What is needed: Once you find the line containing "Tek Büyük veya İki Ayrı Yataklı Oda" in the data below, copy it and each following line exactly, up to and including the line containing "Audi e-tron 2021 - Image 2", and nothing else.

Short descriptive text snippets:
_ _ _ _ _
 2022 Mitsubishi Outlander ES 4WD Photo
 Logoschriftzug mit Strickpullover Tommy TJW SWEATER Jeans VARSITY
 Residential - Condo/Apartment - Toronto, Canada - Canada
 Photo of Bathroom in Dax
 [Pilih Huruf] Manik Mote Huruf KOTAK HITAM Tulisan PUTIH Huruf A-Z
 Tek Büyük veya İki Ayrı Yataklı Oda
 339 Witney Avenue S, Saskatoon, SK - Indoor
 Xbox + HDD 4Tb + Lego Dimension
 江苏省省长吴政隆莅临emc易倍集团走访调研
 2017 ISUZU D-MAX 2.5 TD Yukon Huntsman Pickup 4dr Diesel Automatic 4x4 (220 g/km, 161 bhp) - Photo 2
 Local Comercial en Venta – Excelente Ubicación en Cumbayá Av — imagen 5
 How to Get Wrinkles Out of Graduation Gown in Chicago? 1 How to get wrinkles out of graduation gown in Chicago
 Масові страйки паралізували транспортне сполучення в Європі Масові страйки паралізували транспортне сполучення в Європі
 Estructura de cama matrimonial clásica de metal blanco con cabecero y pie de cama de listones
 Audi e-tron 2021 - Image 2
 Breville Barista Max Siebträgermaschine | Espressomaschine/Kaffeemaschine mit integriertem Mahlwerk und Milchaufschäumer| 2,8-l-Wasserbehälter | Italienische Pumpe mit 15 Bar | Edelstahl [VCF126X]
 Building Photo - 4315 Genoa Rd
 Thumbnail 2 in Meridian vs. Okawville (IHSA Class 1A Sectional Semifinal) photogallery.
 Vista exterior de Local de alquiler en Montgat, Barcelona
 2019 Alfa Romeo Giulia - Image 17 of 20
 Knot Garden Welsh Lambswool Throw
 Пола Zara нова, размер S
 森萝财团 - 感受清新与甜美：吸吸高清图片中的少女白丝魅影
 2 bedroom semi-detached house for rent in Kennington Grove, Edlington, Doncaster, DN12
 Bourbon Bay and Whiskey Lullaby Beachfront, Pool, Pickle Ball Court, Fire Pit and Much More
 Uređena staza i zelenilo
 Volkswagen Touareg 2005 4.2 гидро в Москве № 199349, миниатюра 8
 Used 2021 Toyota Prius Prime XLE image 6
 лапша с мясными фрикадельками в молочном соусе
_ _ _ _ _
Answer to this task:
 Tek Büyük veya İki Ayrı Yataklı Oda
 339 Witney Avenue S, Saskatoon, SK - Indoor
 Xbox + HDD 4Tb + Lego Dimension
 江苏省省长吴政隆莅临emc易倍集团走访调研
 2017 ISUZU D-MAX 2.5 TD Yukon Huntsman Pickup 4dr Diesel Automatic 4x4 (220 g/km, 161 bhp) - Photo 2
 Local Comercial en Venta – Excelente Ubicación en Cumbayá Av — imagen 5
 How to Get Wrinkles Out of Graduation Gown in Chicago? 1 How to get wrinkles out of graduation gown in Chicago
 Масові страйки паралізували транспортне сполучення в Європі Масові страйки паралізували транспортне сполучення в Європі
 Estructura de cama matrimonial clásica de metal blanco con cabecero y pie de cama de listones
 Audi e-tron 2021 - Image 2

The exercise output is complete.